Security of the data in the cloud environment can be achieved using cryptographic methods; several cryptographic techniques are available which can be used to enforce confidentiality, integrity, availability and access control of the outsourced data. Confidentiality of the data can be achieved by  encrypting the data before outsourcing to the cloud storage, encryption of the data also encompasses many challenges, which includes, key distribution to the user, user revocation, scalability of the data, performing search operations on the data, a number researcher has addressed these issues in their research work. To ensure the integrity of the data a number solution is purposed mainly based on the Message Authentication Code (MAC), the digital signature. Where MAC only ensures the integrity of the data, digital signature can be used to ensure authenticity, non-repudiations along with the integrity of the data. To ensure Availability the researchers purpose many schemes, these schemes are based on proofs of retrievability (PoRs) [2]/provable data possession (PDP) [3] and either private verifiable or public verifiable. PoRs can correct the small error using the error correcting code and it detects large corruption using spot checking whereas PDP only checks the availability of files which means it detects only corruption no error correcting code. To achieve secure access control of outsourced data Cipher Policy-Attribute based encryption can be used, in which the users which pose only certain attribute and satisfy the access structure associated with the data can access the data. We enhance this scheme by binding the data with the geographical location, so that, not only attributes needs to be satisfied by the users but the presence of the user at certain locations also needs to be satisfied. To achieve confidentiality, integrity along with the access control, we purposed to use symmetric key cryptography, Ciphertext-Attribute Based Encryption, Geo Encryption, and MAC.

The remainder of the paper is as follows, Section 2 provides an introduction of cloud computing, characteristics of cloud computing, Service delivery, deployment model and security challenges. In section 3, we have discussed an introduction to cryptography, Symmetric, and Asymmetric cryptography, Ciphertext-Policy Attribute Based encryption and Geo-Encryption. Section 4 discusses related works. In section 5, we discussed purposed work whereas in section 6 and 7 security discussion and conclusion respectively.

2.Cloud Computing


Cloud computing is a utility-based computing, According to NIST [4] ,” Cloud computing is a model for enabling ubiquitous, convenient, on-demand network access to a shared  pool of configurable computing resources (e.g., networks, servers, storage, applications, and services) that  can be rapidly provisioned and released with minimal management effort or service provider interaction.”

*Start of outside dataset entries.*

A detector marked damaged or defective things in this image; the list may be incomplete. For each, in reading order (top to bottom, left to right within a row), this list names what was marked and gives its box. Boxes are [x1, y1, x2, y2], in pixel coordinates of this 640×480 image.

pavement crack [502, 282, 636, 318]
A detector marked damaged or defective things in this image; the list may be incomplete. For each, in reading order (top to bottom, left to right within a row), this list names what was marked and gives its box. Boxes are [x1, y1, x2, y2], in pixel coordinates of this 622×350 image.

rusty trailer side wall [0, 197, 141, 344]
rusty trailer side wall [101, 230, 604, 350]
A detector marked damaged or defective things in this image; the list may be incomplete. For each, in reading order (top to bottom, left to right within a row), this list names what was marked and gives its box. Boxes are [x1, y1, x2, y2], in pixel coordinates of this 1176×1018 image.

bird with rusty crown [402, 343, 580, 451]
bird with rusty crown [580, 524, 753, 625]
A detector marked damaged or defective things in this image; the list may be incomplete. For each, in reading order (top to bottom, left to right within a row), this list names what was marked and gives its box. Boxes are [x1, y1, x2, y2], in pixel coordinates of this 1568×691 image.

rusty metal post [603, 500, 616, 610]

This cloud model is composed of five essential characteristics, three service models, and four deployment models

2.1. Characteristics of cloud computing

Cloud computing has the following essential characteristics.

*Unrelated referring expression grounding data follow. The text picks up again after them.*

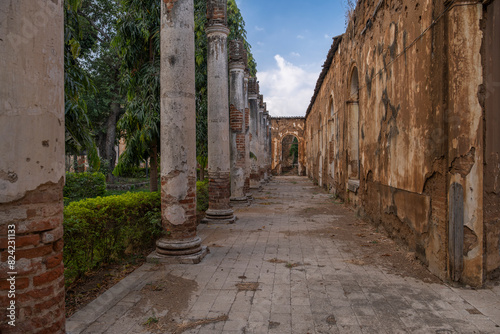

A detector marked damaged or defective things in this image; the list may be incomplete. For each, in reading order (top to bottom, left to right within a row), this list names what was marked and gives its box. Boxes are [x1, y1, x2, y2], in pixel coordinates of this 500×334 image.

wall with peeling plaster [300, 0, 496, 288]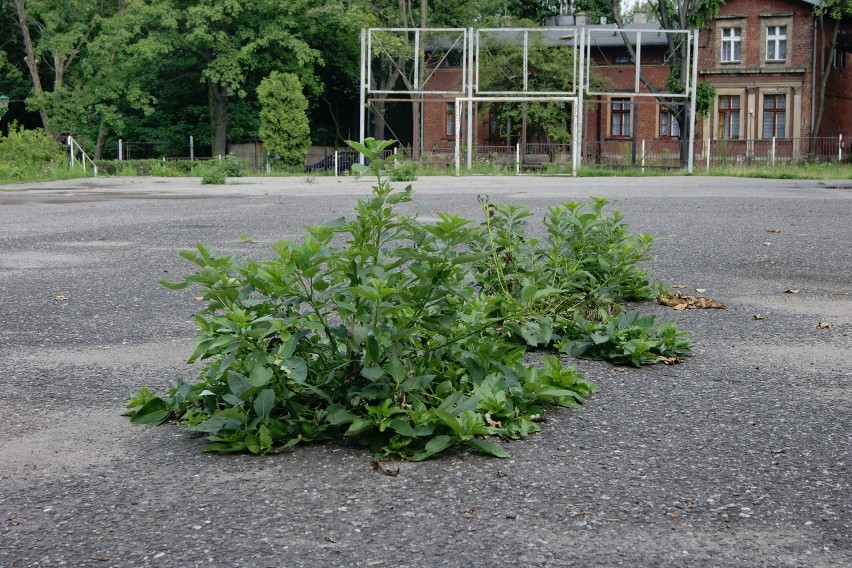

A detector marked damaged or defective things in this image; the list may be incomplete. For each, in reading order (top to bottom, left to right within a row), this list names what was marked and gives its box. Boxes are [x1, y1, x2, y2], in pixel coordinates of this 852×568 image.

cracked asphalt surface [0, 175, 848, 564]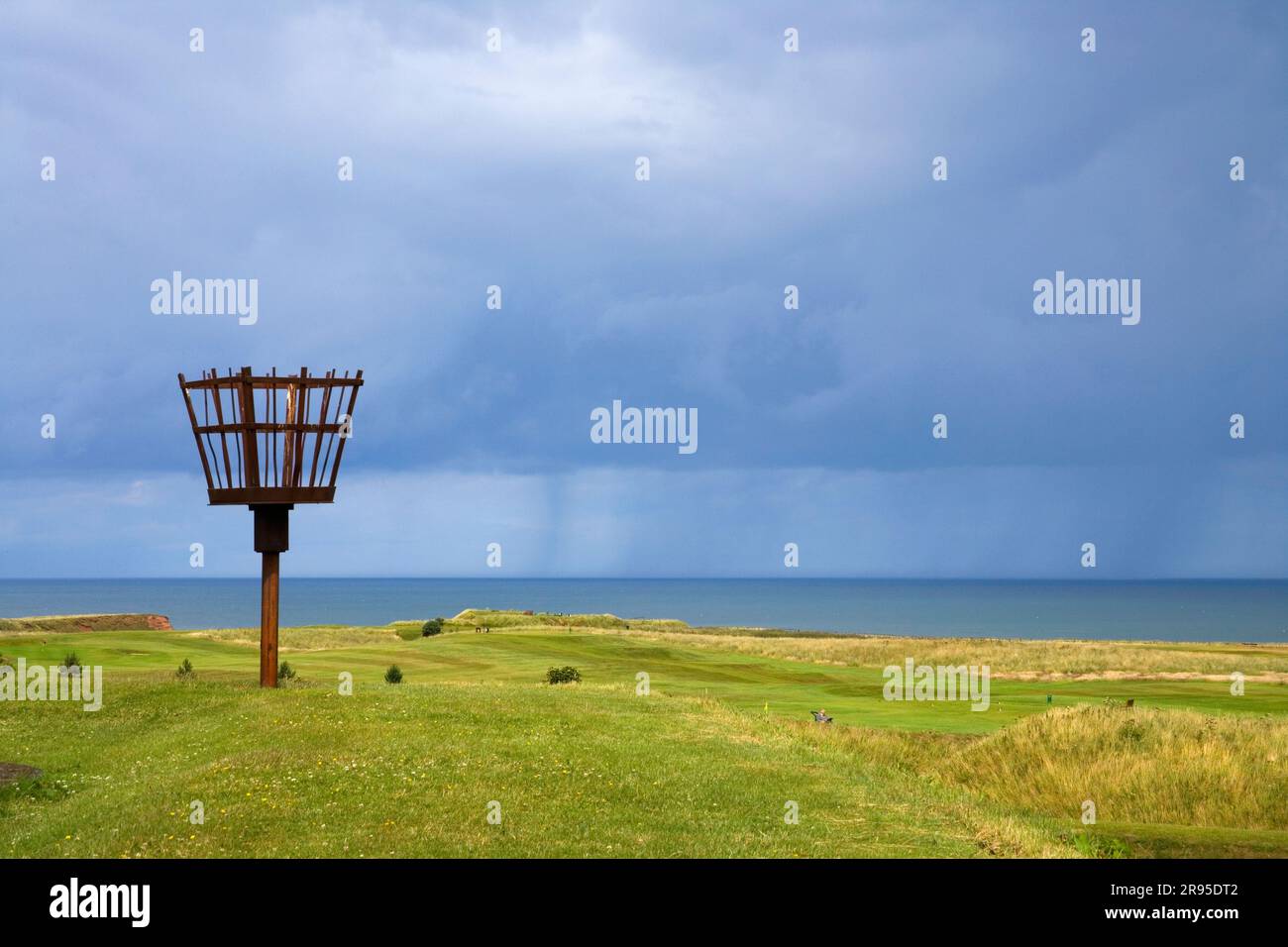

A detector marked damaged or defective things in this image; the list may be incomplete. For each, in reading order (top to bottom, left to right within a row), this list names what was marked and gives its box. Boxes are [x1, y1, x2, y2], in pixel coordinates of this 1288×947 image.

rusty metal post [251, 504, 292, 690]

  • On-Demand Self-Service: User of the cloud computing can access /control computing resources automatically as needed.
  • Ubiquitous Network Access: Uniform access to the resources from the cloud using different devices like Computer, Laptop, PDA, etc.
  • Resource Pooling: The resources can be shared between different Users; they can acquire or release resources as needed.
  • Rapid Elasticity: Resources can be acquired and released automatically and quickly as needed.
  • Measured Service: Uses of the resources on the cloud can be monitored and the user is charged based on the resources used.

2.2. Three Service Models

Cloud computing utilizes three service model to deliver services.

  • Software as a Service (SaaS): Software as a Service (SaaS), in this model of computing user can use the software hosted by the third party without installing them on his system, most of the software can be accessed using web browser.
  • Platform as a Service (PaaS): Platform as a Service (PaaS), this model provides a framework which can be used by the developer to develop or customize applications. It makes the development, testing, and deployment of software quick, simple, and cost-effective.
  • Infrastructure as a Service (IaaS): Infrastructure as a Service, in this cloud service provider outsources the equipment like storage, hardware, servers, and networking components. The management of these components is done by the service provider and the client charged based on resources used by them.

2.3. Four deployments Model

Cloud computing utilizes four deployment model.

  • Private Cloud: It belongs to some specific organization, resources are controlled by the Information Technology (IT) Departments of that organization.
  • Community cloud: In this model of computing some organization those belong to a specific community can share the resources, for example, two government organizations working for the same goal can share the resources.
  • Public Cloud: In this model of computing cloud services are available to the general public through the internet. Examples are Gmail, DropBox, office 360, etc.
  • Hybrid Cloud: In this model Organizations may host some important data, application on the private cloud and less important data on the Public cloud; it is a combination of two models so referred to as Hybrid Cloud.

2.4. Security Challenges

Security is the major concern which delaying adoption of cloud computing, in the cloud computing software, data, infrastructure is not in the control of the user, it is under the control of cloud service provider, this unique model of computing raise several issues with respect to the data security, the security of the data may be compromised by the dishonest employee of service provider, the other client those using the same infrastructure. Data Security includes Confidentiality, Integrity, and availability of stored data. Due to cloud computing characteristic, some other issues also exist like Data Lock-In, Data Location.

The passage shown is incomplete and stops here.